Dataset extract:
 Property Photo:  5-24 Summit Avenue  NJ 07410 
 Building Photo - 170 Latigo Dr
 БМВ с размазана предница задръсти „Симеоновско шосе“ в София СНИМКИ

Task prompt: Write down all of the listing exactly.

Solution:
 Property Photo:  5-24 Summit Avenue  NJ 07410 
 Building Photo - 170 Latigo Dr
 БМВ с размазана предница задръсти „Симеоновско шосе“ в София СНИМКИ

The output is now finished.